740.00119 Control (Japan)/3–846
Mr. Max W. Bishop, of the Office of the Political Adviser in Japan, to the Secretary of State
[Received March 16.]
Sir: On March 5, 1946, there was issued an Imperial rescript on Constitutional reform. The Japanese Government was directed to [Page 173] exert its best efforts to revise the Constitution. On March 6, 1946, the Japanese Government, in compliance with the Imperial directive, made public its new draft Constitution.24 On the same day the Supreme Commander for the Allied Powers issued a statement25 in which he gave full approval to the Government’s draft. I have the honor to enclose copies of these important documents. There are also enclosed copies of a press release by the Chief Secretary of the Cabinet.26
There has not been time to prepare a careful analysis of the new draft, the sudden announcement of which came as a surprise. It is apparent from General MacArthur’s press release and from the Imperial rescript that the Government’s draft was carefully considered by Headquarters and was approved by the Supreme Commander and by the Emperor before its issuance. The draft differs radically from press and other reports of the probable nature of the Government’s planned revision originally prepared by Minister Without Portfolio Matsumoto. Before acceptance of the present version of the Government’s Constitutional proposals, we are reliably informed that there was precipitated a serious Cabinet crisis. This crisis was overcome apparently by the firm attitude of the Prime Minister who had the full backing of the Emperor and of the Supreme Commander.

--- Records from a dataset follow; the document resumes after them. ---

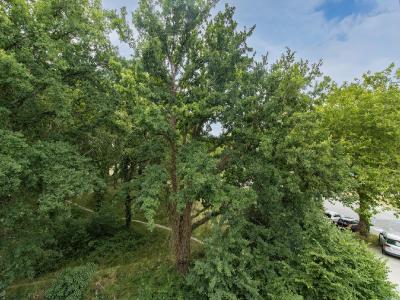 For sale Nantes 1 room 24 m2 Loire atlantique (44300) photo 3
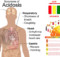 THESE ARE THE SIGNS OF HIGH LEVEL OF ACIDITY IN YOUR BODY. THIS IS HOW TO ALKALIZE IT
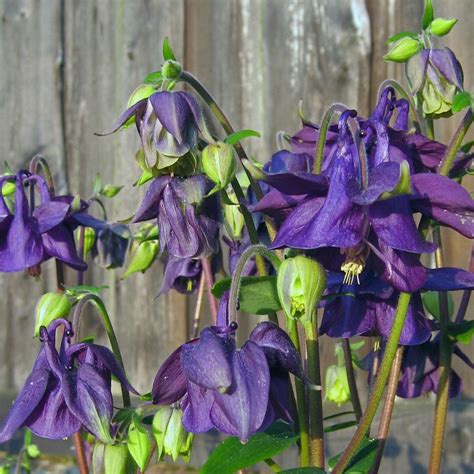 Wilde Akelei Aquilegia Vulgaris Zaden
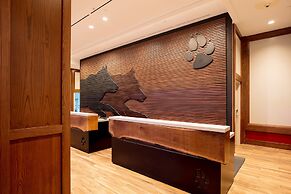 Great Wolf Lodge Illinois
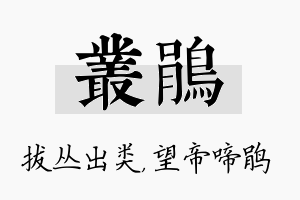 丛鹃名字的寓意及含义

There is some danger that in future the Japanese may regard this draft plan as having been prepared for them rather than as having been created by them. Should this eventuality materialize, Japan’s attitude towards its new Constitution, if adopted as appears likely, might be radically altered.
It is our intention to prepare for the Department a detailed analysis of the Government’s draft, a full report of the events leading to its publication, and a careful study of the reaction in Japan. In the meantime, attention may be directed especially to Chapter 2, Article IX, “Renunciation of War”, as a startling and novel Constitutional provision. By this Article the Japanese renounce forever the “threat or use of force” and assert that the “maintenance of land, sea and air forces, as well as other war potential, will never be authorized” and that “the right of belligerency of the state will not be recognized”. It remains to be seen whether this provision will stand the test of time and the stress of relations between nations. It is apparent immediately that any nation without the means to protect its security must rely upon outside sources for that protection. Unless and until the United Nations Organization demonstrably becomes an effective and authoritative international body, it is also apparent that protection [Page 174] furnished by one or more powers might be considered a threat by another or other powers.